RE: [PATCH] drm/amdgpu: Add more process info in VM for debug

Huang, Trigger Mon, 17 Dec 2018 00:27:24 -0800

Hi Christian,

Yes, if the test machine is still there for debugging, we can login it and 
check a lot of things, such as ' ps -p 1 -o args ' as you suggested.


But sometimes, the system is not alive anymore, and we only got some log files 
(such as kern.log ) from QA or customers. 
And at this time, the full command line information in dmesg is quite useful. 
Let's take the following message for example:
        
        [ 1740.047122] [drm:amdgpu_job_timedout [amdgpu]] *ERROR* ring 
comp_1.0.0 timeout, signaled seq=91571, emitted seq=91572
        [ 1740.050167] [drm:amdgpu_job_timedout [amdgpu]] *ERROR* The job's 
process information is as below:
        [ 1740.053160] [drm:amdgpu_job_timedout [amdgpu]] *ERROR* Process SDMA 
pid 2098 thread SDMA pid 2098, cmd line:SDMA --mode goldimage_compare 
--offscreen --n-swapchain-images 3 --gpu 0 --frontend test_executor 
--n-test-threads 4
When customer/QA reported that there is comp ring job timeout when running a 
big test case, vk-example, but the machine is not alive anymore, and can't  
login for debugging.
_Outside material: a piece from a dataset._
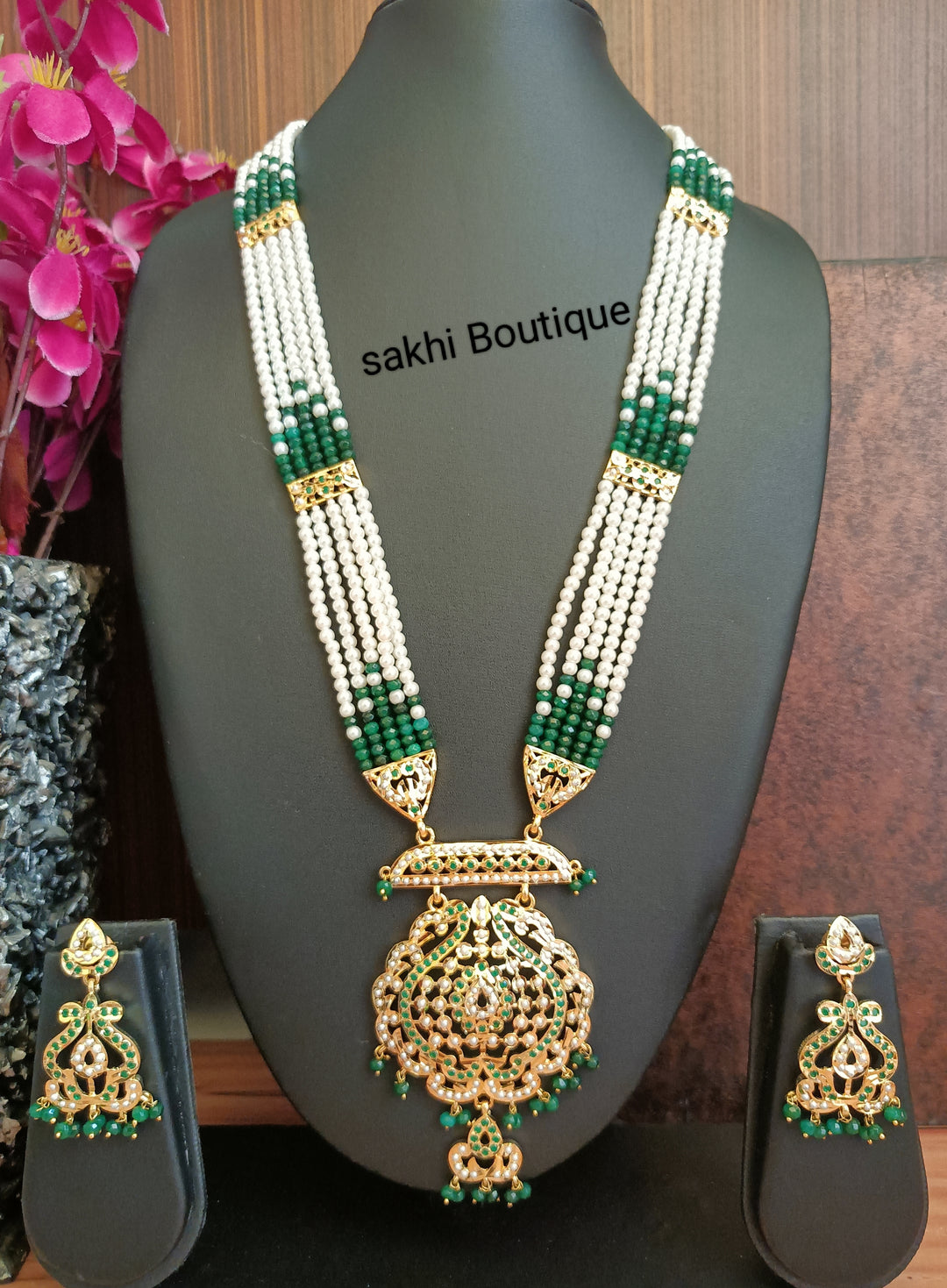 (0518NS001A100) Green Jadau kemp Stone Premium Long Necklace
Then we need to re-run the whole vk-example to reproduce 
this issue, and this will waste a lot of time.
But if we get the specific sub-base in the  kern.log file when job timeout 
happened, then we can only try the specific one, here it is ' SDMA --mode 
goldimage_compare --offscreen --n-swapchain-images 3 --gpu 0 --frontend 
test_executor --n-test-threads 4'
maybe several minutes later, this issues is reproduced.


Thanks,
Trigger.


-----Original Message-----
From: amd-gfx <[email protected]> On Behalf Of Koenig, 
Christian
Sent: Monday, December 17, 2018 3:50 PM
To: Huang, Trigger <[email protected]>; [email protected]
Cc: Grodzovsky, Andrey <[email protected]>; Qu, Jim <[email protected]>
Subject: Re: [PATCH] drm/amdgpu: Add more process info in VM for debug

Hi Trigger,

> Does this make sense?
Sorry I wasn't clear enough. The key point that we don't want/need the full 
commandline of the process here is that we can already get that from the 
information we have.

E.g. "ps -p 1 -o args" gives you the command line of the process 1.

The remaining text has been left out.